Xu Xiang thought for a moment and responded with a smile: "I think there is no problem in increasing the stakes in the 'film and television media' line and increasing the weight of the 'film and television media' line in our fund holdings.

, you can try this, but I think we should be cautious about the layout of the three core main areas of 'big consumption', 'mobile Internet' and 'smartphone industry chain'.

As long as the market is open as usual.

In fact, there is never a shortage of opportunities to buy chips.

If we are unsure about the future market development, we might as well take another look.

In a bull market, there is actually no problem with a 10% or 20% space fault tolerance rate. Whether it is a left-side layout or a right-side layout, it is both appropriate and timely."

"Okay!" After listening to Xu Xiang's analysis of the market just now, Zhou Kan actually understood the underlying logical issues Xu Xiang mentioned, regarding the so-called market main line switching, as well as in 'big consumption' and 'smart intelligence'.

The layout of the main line fields such as the mobile phone industry chain' and 'mobile Internet' is no longer so persistent. He couldn't help but smile and said, "Then let's try to buy some chips in the field of 'film and television media' first. Regarding the layout of other main line fields,

, we are still maintaining the previous strategic plan, maintaining the strategy of watching more and moving less.”

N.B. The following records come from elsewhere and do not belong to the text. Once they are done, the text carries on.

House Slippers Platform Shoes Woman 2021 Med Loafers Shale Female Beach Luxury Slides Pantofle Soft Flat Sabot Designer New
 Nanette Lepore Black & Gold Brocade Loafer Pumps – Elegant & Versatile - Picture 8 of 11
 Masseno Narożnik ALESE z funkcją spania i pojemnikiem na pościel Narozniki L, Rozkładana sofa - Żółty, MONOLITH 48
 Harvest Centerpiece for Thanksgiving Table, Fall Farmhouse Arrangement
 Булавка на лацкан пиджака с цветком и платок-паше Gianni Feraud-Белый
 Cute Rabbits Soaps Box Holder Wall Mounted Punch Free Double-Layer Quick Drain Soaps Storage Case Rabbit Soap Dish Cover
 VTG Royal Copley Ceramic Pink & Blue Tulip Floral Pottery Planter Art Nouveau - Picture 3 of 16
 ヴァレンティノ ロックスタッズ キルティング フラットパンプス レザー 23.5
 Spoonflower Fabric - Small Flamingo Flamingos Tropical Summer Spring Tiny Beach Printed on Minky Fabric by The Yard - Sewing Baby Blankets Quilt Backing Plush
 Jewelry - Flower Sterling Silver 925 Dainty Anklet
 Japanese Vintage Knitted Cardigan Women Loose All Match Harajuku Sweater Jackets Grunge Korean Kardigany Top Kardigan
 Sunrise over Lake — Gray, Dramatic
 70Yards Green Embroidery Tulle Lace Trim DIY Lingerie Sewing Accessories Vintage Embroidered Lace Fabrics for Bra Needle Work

Xu Xiang nodded with a smile and said: "That's right. Just follow what you just said. I haven't seen any clear movement of positions by the main funds of the 'Yu Hang Group', and at the same time, there has been no obvious shrinkage in the market."

When there are signs of the end of the adjustment, we need to maintain a relatively low position, watch more and move less, and wait for changes in the market.

Patience is the most important skill in trading.

We trade in the financial market and want to obtain sufficient profits through the financial market.

Then you must learn to be like a hunter, able to hold a shotgun in the ice and snow and wait motionless for a long time, waiting for the prey to gradually appear within the range of the shotgun. You can neither leave in advance without patience, nor leave before the prey is there.

When he reached the shooting range, he fired randomly to scare away the prey."

"Okay!" Zhou Kan nodded again.

Immediately, according to the strategy plan discussed by the two people just now, relevant trading instructions were issued to the traders behind them.

Then, when the order is issued, it is completed.

When Zhou Kan once again turned his attention back to the trading boards of the two markets.

I saw that the trading time of the two cities at this time has already reached around 10:50, and the major indexes of Shanghai Stock Exchange, Shenzhen Stock Exchange and ChiNext have all exceeded 1% under the continuous rebound trend.

The increase rarely shows a general trend.